Part 4: White rental car blues

I rented a car ($20, cheap) and was upgraded from a Corolla to a Camry. Not that it made any difference from the driver’s seat, but perhaps people would gaze at me and think, “Oh, she’s a driving Camry – a sensible family sedan. Good choice.”

My aim was to head for Akaroa, and I managed to get on the right road using both road signs and the knowledge that I was heading for the only non-flat land for miles around.

The landscape is somewhat startling. It’s flat, flat, flat, flat, then suddenly twisting, winding hills. And I drove along these roads, avoiding the tourist spots and enjoying not getting carsick. It had been about 18 months since I’d last driven, and it was fun.

Finally I turned a corner and there was the harbour. It was a brilliant blue, almost milky, and the bright sunshine bedazzled the landscape. And you know what? It was at that moment that my road trip mix CD played Rufus Wainwright’s “Oh What a World”. It’s hard not to feel in love with the world at a time like that.

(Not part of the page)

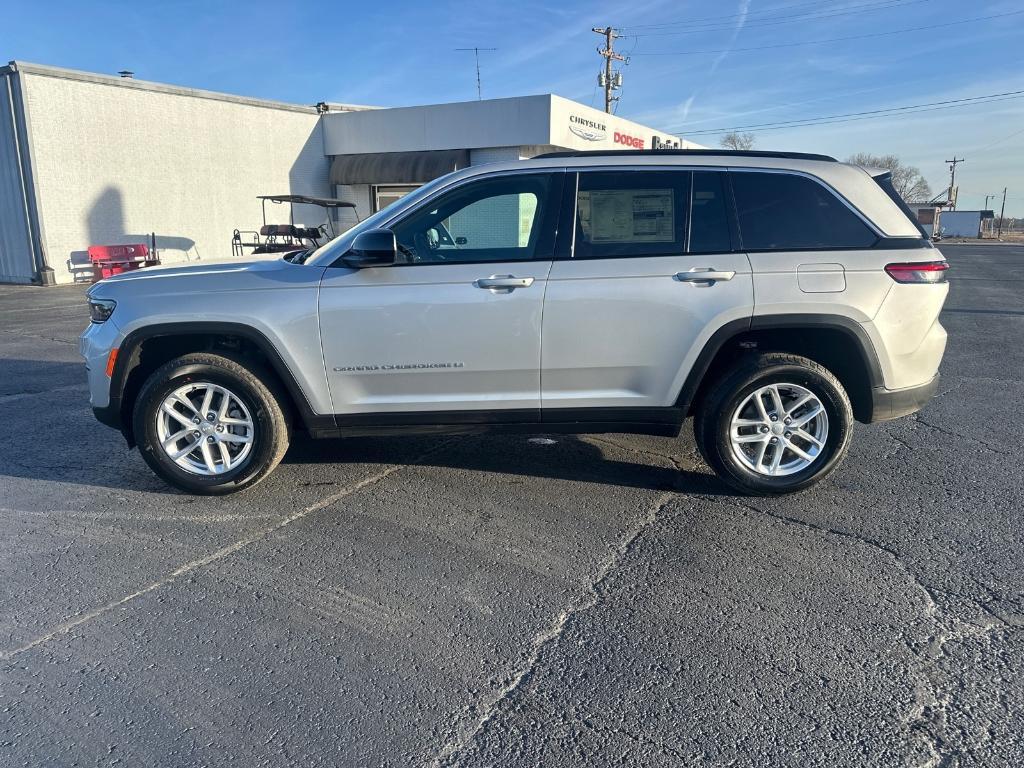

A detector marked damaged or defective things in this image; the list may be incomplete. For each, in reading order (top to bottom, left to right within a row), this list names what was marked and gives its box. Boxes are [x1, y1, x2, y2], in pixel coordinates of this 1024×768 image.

cracked asphalt [0, 244, 1020, 768]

I parked, and set off exploring New Zealand’s French village on foot.

O sleepy town of Akaroa

At Akaroa museum, it was strongly suggested that I start my experience by watching a short film about Akaroa. The film dated from the late ’90s and had a slightly dark tone. Recounting the geological history of Akaroa, the narrator almost sounded saddened that the original volcanic islands had eventually become joined to the mainland. But – sigh – I suppose you can’t fight progress, even if it takes thousands of years to happen.

The museum also had a small display on the changing attitudes towards sunbathing, from woolen bathers to skimpy bikinis and our modern use of sunscreen. This outraged a pink man who ranted, “It’s bullshit. Black people don’t get melanoma because they’re used to the sun. The same thing will happen to us – we’ll get used to the sun and stop getting skin cancer. And it doesn’t help when the government tells us to stay out of the sun.”

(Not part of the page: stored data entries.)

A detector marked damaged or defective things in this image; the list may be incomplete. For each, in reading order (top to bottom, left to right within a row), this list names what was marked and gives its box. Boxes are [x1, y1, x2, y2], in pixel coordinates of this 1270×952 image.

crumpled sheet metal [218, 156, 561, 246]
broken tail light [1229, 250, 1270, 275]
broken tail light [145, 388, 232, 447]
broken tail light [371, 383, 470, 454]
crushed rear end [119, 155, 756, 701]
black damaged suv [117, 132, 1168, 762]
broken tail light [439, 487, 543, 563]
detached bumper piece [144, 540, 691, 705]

Akaroa prides itself on being a bit French, but its Frenchness is really only obvious in that some of the streets have French names. It’s hard to buy into the French thing when there are people playing cricket on the village green and the local fish ‘n’ chip shop is doing a roaring trade.

If you want French life in the South Pacific, go to New Caledonia or Tahiti. If you want a lovely volcanic harbourside village, go to Akaroa.

Chips

I jumped back in the Camry and journeyed over hilly Banks Peninsula to Lyttelton. Lyttelton exists as the port for Canterbury. The harbourside area is full of shipping containers and other side effects of modern life, which leaves town’s main street halfway up a steep hill.

I stopped for a coffee, but ended up cutting my visit short as I was forced to flee a drunken bachelor party making their way down the street. The sight of a cheap nylon Afro wig on a whitey is nature’s way of telling you to stay away. (See also: Wellington Sevens weekend).

My escape route was Sumner Road, a meandering hillside road that is but a barrier away from being the sort of road that buses plunge off. It was at this point that I threw caution to the wind and put on REM’s “Out of Time”, one of the four CDs I’d taken with me.

But a huge discrepancy between my memory of the opening track, “Radio Song”, and how it sounds today. Michael Stipe’s comedy complaints about bad radio became the unintended soundtrack as I undulated along Bus Plunge Boulevard. (Oh, why couldn’t it have been “Near Wild Heaven”?)

It was getting late. I had to return the car to the airport and go to the wedding reception (which I did, and it was lovely in all the best ways).

One of the easiest places to find in an unfamiliar city is the airport. You don’t even need to navigate – just follow the aeroplane symbols.

But sometimes it’s more satisfying to go somewhere you’ve never been before.